If Bernie Sanders, the left-of-center senator from Vermont, becomes the Blue candidate for president, expect political dirt like you’ve never seen. But underneath the mud and memes, behind the deepfakes and denials, we may witness a legitimate debate over the relative merits (and demerits) of supply-side and demand-side economics.
Supply-side economists believe that if you lower taxes and cut regulations, entrepreneurs will be unleashed to create new businesses, hire more workers, produce more stuff, and even generate more tax revenue for government.
Supply-siders have been in the macroeconomic saddle for the past 40 years. The word “saddle” is apt: the concept roared out of the American West. Arthur Laffer (who advised Donald Trump in 2016) was its premier economist. Journalist Jude Wanniski popularized the term “supply-side” and published a 1978 book about it. Ronald Reagan implemented it, more or less. After the “stag-flation” of the 1970s, supply-side economics blew in like a refreshing zephyr.
And many people became gloriously rich as a result. The early 1980s saw the start of the longest bull market, in both stocks and bonds, that the universe had ever seen. Though factories went dark, the deregulated financial and tech sectors flourished. The fact that tens of millions of baby-boomers were working, saving, buying homes and procreating didn’t hurt.
But today, there are signs that the supply-side miracle has run its course. Boomers are retiring. Interest rates have no room left to fall. Tax cuts have added to unprecedented deficits. Homes and financial assets are priced to the max. The financial crisis showed that deregulation has a downside.
Supply-side economics brought, or coincided with, rising inequality. America gradually divided into two camps: A minority with large amounts of appreciated assets, like homes and securities, and a majority with few or no assets that appreciate. The ever-widening gap between haves and have-nots is well-documented.
As the Pew Research Center reported this month, national income is concentrated among fewer people. Eighty percent of Americans now receive only 43% of national income, down from 56% in 1968. Instead of inflation (the bane of creditors), we’ve seen wage deflation (the bane of debtors). Consumer prices have almost doubled since 1990, but wages have grown only 26.5%. We’re at full employment, but the civilian labor force participation rate is lower than it was in 2000.
This creeping poverty, linked to globalization, shows up in the falling life expectancies of rural white workers with less than college educations. Unable to earn adequate pay, many don’t marry, form families or set up households. Frustrated by their failure to meet their own and society’s expectations, they become prey to OxyContin, heroin and anger. Once proudly self-reliant, they welcome someone to blame.
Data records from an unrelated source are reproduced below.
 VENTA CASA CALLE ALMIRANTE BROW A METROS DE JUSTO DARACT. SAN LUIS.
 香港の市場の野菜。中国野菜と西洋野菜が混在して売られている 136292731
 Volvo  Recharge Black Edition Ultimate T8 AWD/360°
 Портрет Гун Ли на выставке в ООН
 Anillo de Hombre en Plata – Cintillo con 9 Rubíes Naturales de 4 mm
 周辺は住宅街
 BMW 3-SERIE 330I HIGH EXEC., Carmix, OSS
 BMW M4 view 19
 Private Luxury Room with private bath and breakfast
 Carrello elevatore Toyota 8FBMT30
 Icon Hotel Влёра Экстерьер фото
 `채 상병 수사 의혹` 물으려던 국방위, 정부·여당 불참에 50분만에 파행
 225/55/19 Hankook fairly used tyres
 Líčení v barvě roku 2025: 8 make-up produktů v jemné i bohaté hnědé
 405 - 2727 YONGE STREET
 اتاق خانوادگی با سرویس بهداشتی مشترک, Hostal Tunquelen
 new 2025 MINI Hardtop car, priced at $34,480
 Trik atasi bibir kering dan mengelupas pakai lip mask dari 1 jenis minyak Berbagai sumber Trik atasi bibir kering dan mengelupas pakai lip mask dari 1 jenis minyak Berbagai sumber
The president rode to victory on that wave of anger, and on promises to reopen coal mines and steel mills. Instead, he lowered taxes and interest rates, which was good for stocks. But that hasn’t helped people whose income and taxes are already low, who pay double-digit interest rates on credit cards, and who own few if any equities.
Another turning point
Hence the return of demand-side economics. Also known as post-Keynesian economics or the (much maligned and misunderstood) Modern Monetary Theory, demand-side economics held sway from 1932 until 1971, when Richard Nixon abandoned the gold standard. Bernie Sanders is its atavistic avatar.
Demand-side is the flip-side of supply-side. Supply-siders and other neoclassical economists believe, for instance, that a higher minimum wage will lead to higher prices, layoffs, and a slowdown. Demand-siders and other “heterodox” economists believe that higher wages will lead to higher demand, more production, and more employment. They insist that less inequality means more prosperity for everybody, even the rich.
So if you hear Sanders fulminate about universal health care or free college, think “demand-side” economics. He’s addressing the same malaise that Trump exploited, but with a bottom-up solution that’s been out of favor for more than 40 years. Supply-side economics has been so dominant for so long, in fact, that you almost have to be Bernie’s age to remember that demand-siders once ruled the field.